▶ _Your instructions_
Word for word, restate the listing that follows and leave out the images.

▶ _Input data_
[Start of Attachment]
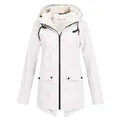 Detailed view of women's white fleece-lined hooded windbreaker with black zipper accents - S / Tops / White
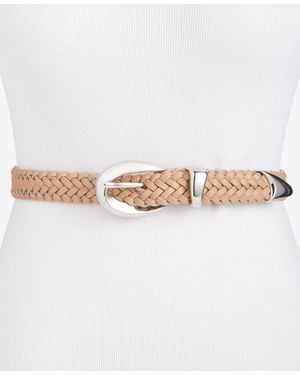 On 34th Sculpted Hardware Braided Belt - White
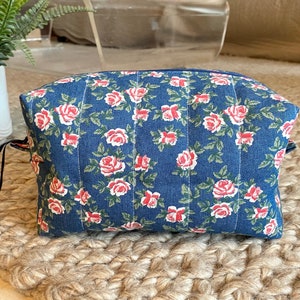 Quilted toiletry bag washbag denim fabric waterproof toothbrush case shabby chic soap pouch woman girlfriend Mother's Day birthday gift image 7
[End of Attachment]
▶ _Output of the task_
 Detailed view of women's white fleece-lined hooded windbreaker with black zipper accents - S / Tops / White
 On 34th Sculpted Hardware Braided Belt - White
 Quilted toiletry bag washbag denim fabric waterproof toothbrush case shabby chic soap pouch woman girlfriend Mother's Day birthday gift image 7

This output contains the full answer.